Your goal: Nothing in the records below should be altered in the copy, although the pictures must be left out.

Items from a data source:
———

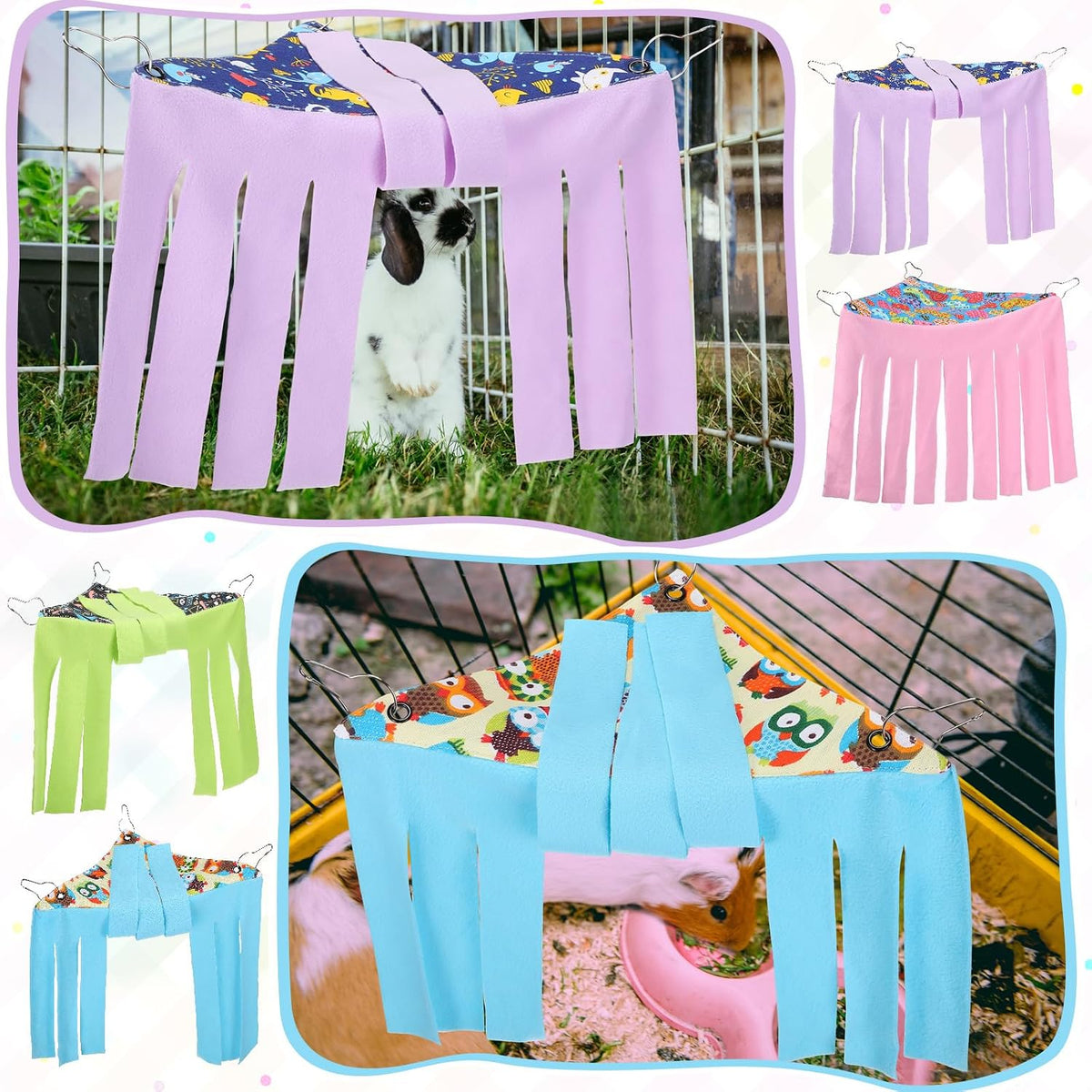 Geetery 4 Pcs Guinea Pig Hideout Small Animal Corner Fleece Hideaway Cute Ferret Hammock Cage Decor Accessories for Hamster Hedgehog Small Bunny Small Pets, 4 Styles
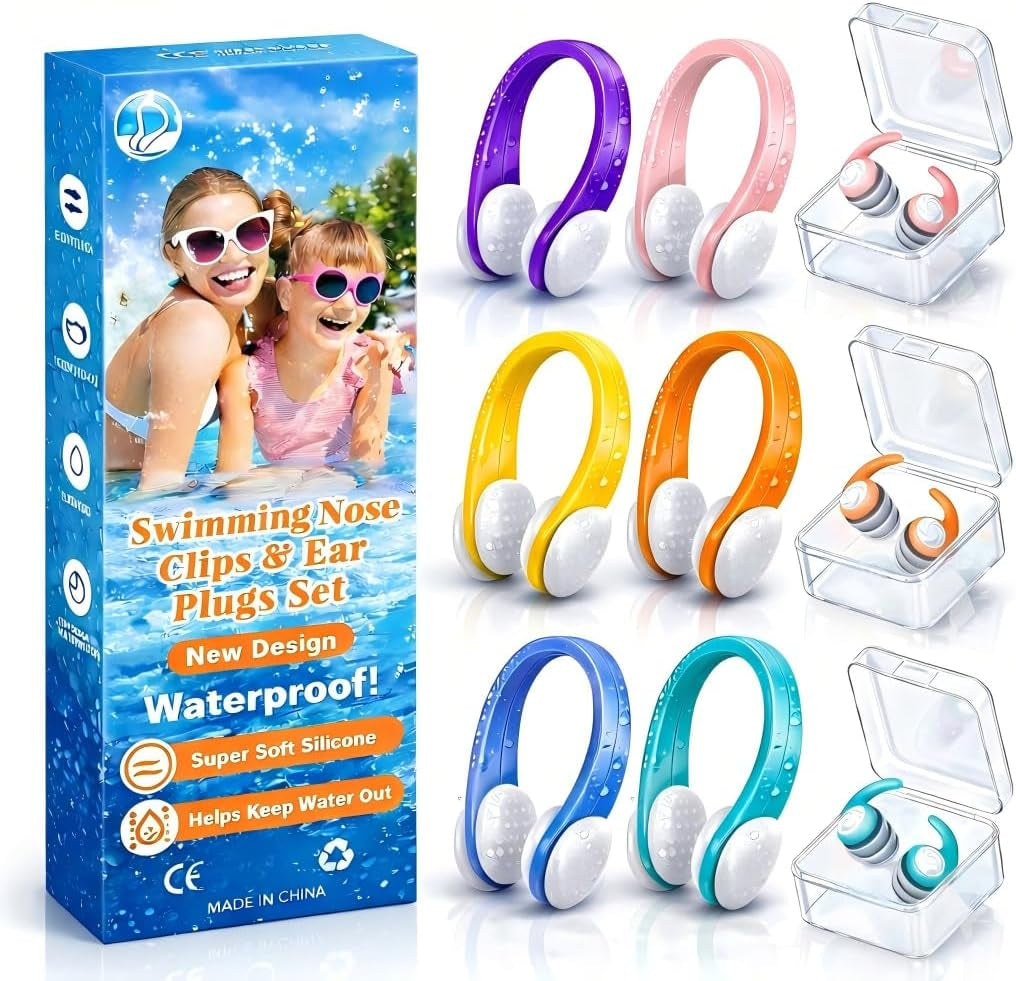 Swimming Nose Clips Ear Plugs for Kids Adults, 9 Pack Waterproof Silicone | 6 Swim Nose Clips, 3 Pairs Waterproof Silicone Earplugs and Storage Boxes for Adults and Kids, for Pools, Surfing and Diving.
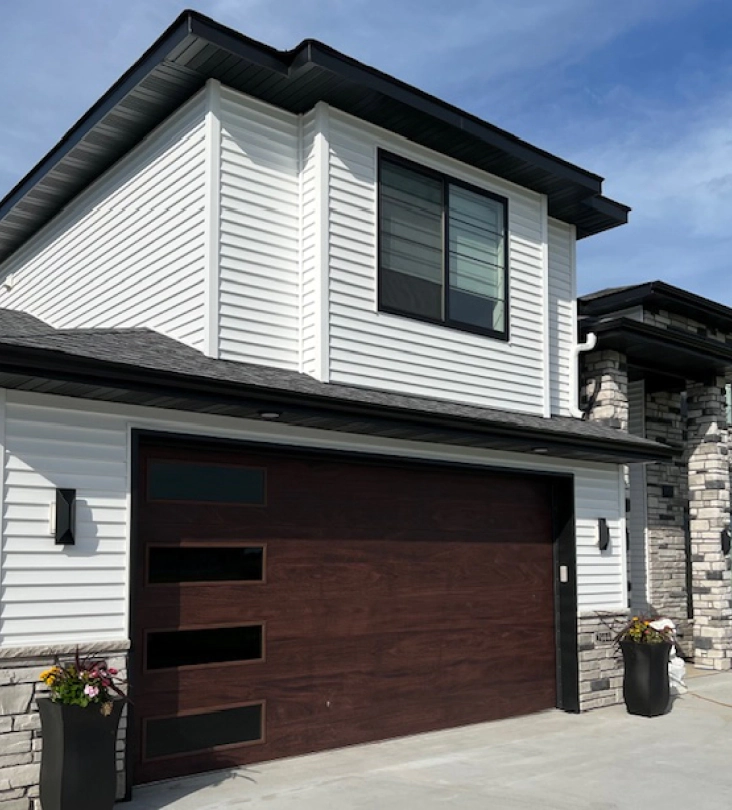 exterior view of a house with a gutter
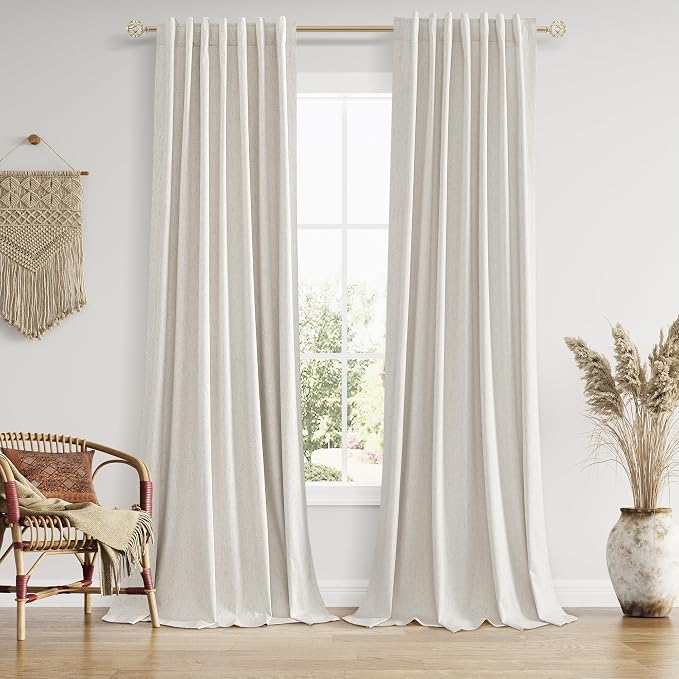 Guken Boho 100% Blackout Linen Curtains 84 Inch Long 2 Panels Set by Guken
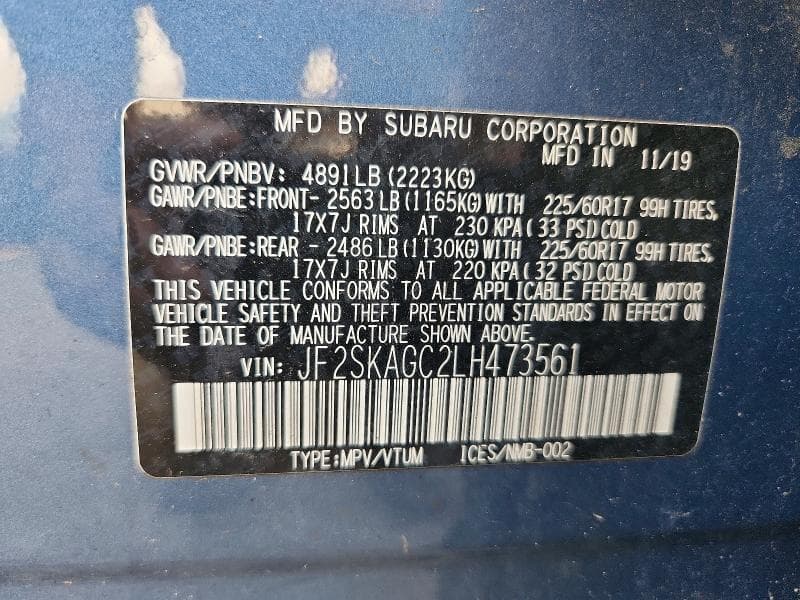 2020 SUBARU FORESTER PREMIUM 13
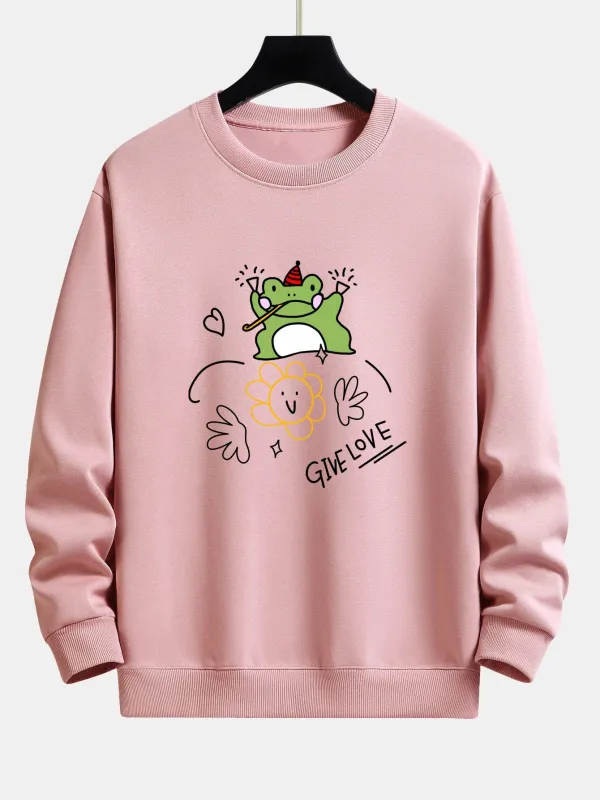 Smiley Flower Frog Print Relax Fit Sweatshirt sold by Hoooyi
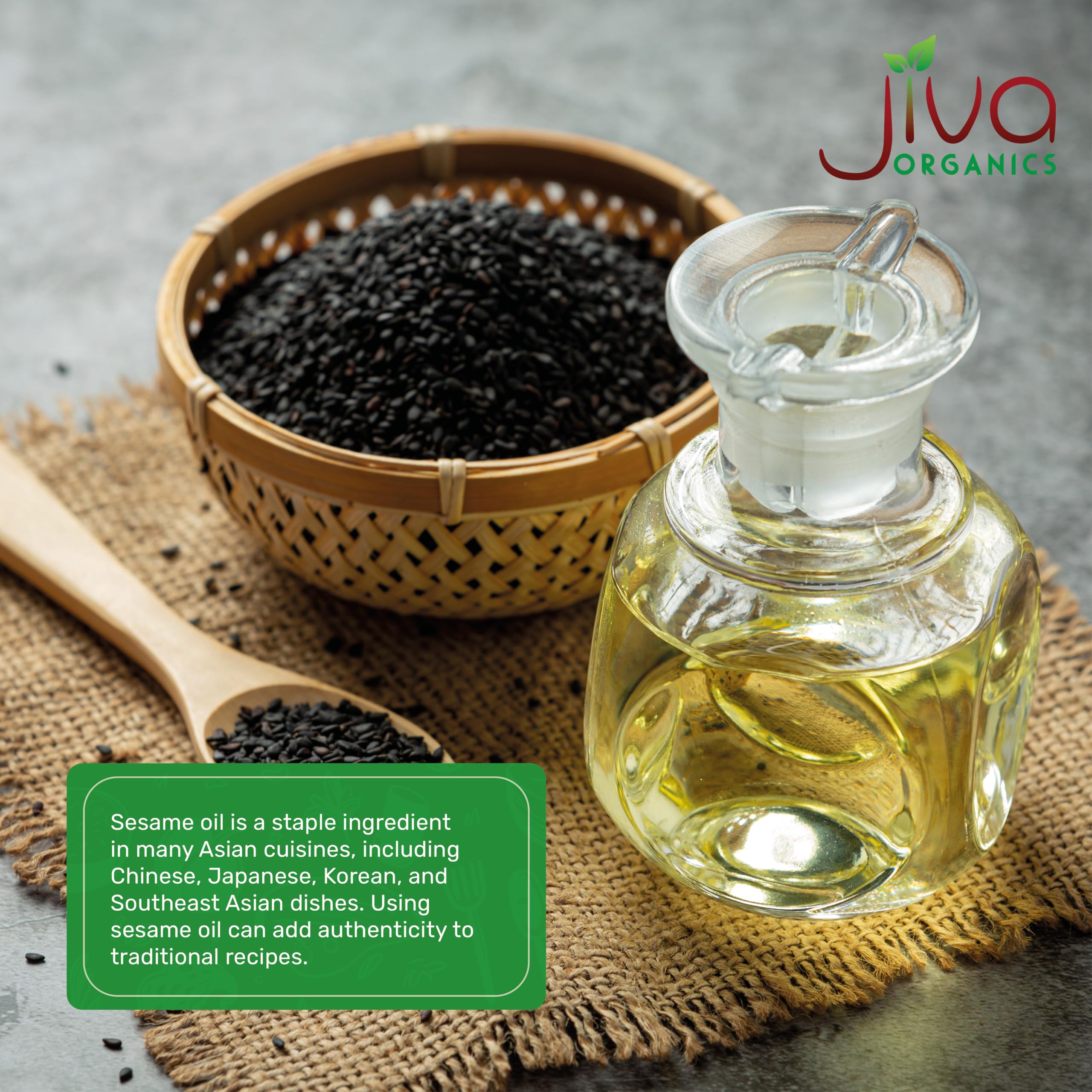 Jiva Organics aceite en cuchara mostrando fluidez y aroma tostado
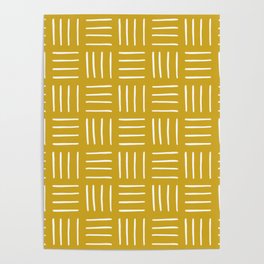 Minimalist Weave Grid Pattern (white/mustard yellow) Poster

———

Result:
 Geetery 4 Pcs Guinea Pig Hideout Small Animal Corner Fleece Hideaway Cute Ferret Hammock Cage Decor Accessories for Hamster Hedgehog Small Bunny Small Pets, 4 Styles
 Swimming Nose Clips Ear Plugs for Kids Adults, 9 Pack Waterproof Silicone | 6 Swim Nose Clips, 3 Pairs Waterproof Silicone Earplugs and Storage Boxes for Adults and Kids, for Pools, Surfing and Diving.
 exterior view of a house with a gutter
 Guken Boho 100% Blackout Linen Curtains 84 Inch Long 2 Panels Set by Guken
 2020 SUBARU FORESTER PREMIUM 13
 Smiley Flower Frog Print Relax Fit Sweatshirt sold by Hoooyi
 Jiva Organics aceite en cuchara mostrando fluidez y aroma tostado
 Minimalist Weave Grid Pattern (white/mustard yellow) Poster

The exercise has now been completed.